D.C. Circuit Affirms District Court Decision Striking Down FDA Regulation Requiring Graphic Warnings on Cigarette Packages
August 28, 2012By Ricardo Carvajal & JP Ellison –
A divided three-judge panel of the D.C. Circuit affirmed U.S. District Judge Richard Leon’s grant of summary judgment to plaintiffs in R.J. Reynolds et al v. FDA et al. (for our previous summary of that decision, see here). In brief, Judge Leon had applied strict scrutiny to FDA’s regulation requiring the display on cigarette packages of graphic warnings intended to dissuade would-be smokers, and concluded that the regulation was not “narrowly tailored to achieve a compelling government interest.” The D.C. Circuit agreed with the district court’s result, but for reasons different than those expressed in the district court decision.
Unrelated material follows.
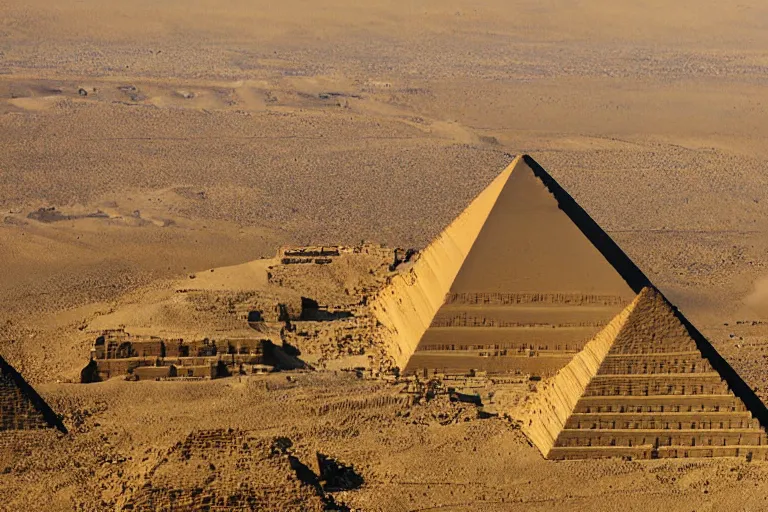 Image similar to pyramids of giza that looks like an office building with windows, realistic, photograph,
Writing for the majority, Circuit Judge Brown began by noting that FDA’s regulation – and indeed the authorizing statute – might not be constitutional even if it could withstand “the applicable level of scrutiny”:
[H]ow much leeway should this Court grant the government when it seeks to compel a product’s manufacturer to convey the state’s subjective – and perhaps ideological – view that consumers should reject this otherwise legal, but disfavored, product?
Assuming – without deciding – that that “such compulsion is constitutionally permissible,” the majority held the Zauderer standard of scrutiny (typically applied in cases in which consumers could be misled) to be inapplicable because the graphic warnings are not necessary to prevent current cigarette packaging from misleading consumers, and because those warnings “certainly do not impart purely factual, accurate, or uncontroversial information.” The majority also rejected strict scrutiny – the standard applied by the district court – as inapplicable to cases involving a compelled commercial disclosure. Instead, the majority applied intermediate scrutiny under Central Hudson and found the regulation unconstitutional under this standard.
The majority noted that “the only explicitly asserted interest in either the Proposed or Final Rule is an interest in reducing smoking rates.” The majority found that “FDA has not provided a shred of evidence – much less the ‘substantial evidence’ required by the APA – showing that the graphic warnings will ‘directly advance’ its interest in reducing the number of Americans who smoke. Finally, the majority batted down FDA’s asserted interest in “effectively communicating health information” as “merely a description of the means by which it plans to accomplish its goal of reducing smoking rates, and not an independent interest capable of sustaining the Rule.” In a dissenting opinion, Circuit Judge Randolph advocated for the application of Zauderer scrutiny, and faulted the majority for “failing to examine both of the government’s stated interests” (i.e., “effectively conveying information about the negative health consequences of smoking to consumers” and “decreasing smoking rates”).
An appeal appears likely. Shortly after the decision, HHS issued the following statement:
This administration is determined to do everything we can to warn young people about the dangers of smoking, which remain the leading cause of preventable death in America. The new warning labels in FDA’s rule are an effective tool in our efforts to both educate current smokers, especially young people, about the dangers of smoking; and help stop teenagers from smoking in the first place.
As noted previously, this case appears headed for the Supreme Court. Assuming the government seeks Supreme Court review, we should know by next year whether the Court intends to address the several unsettled issues raised by this case.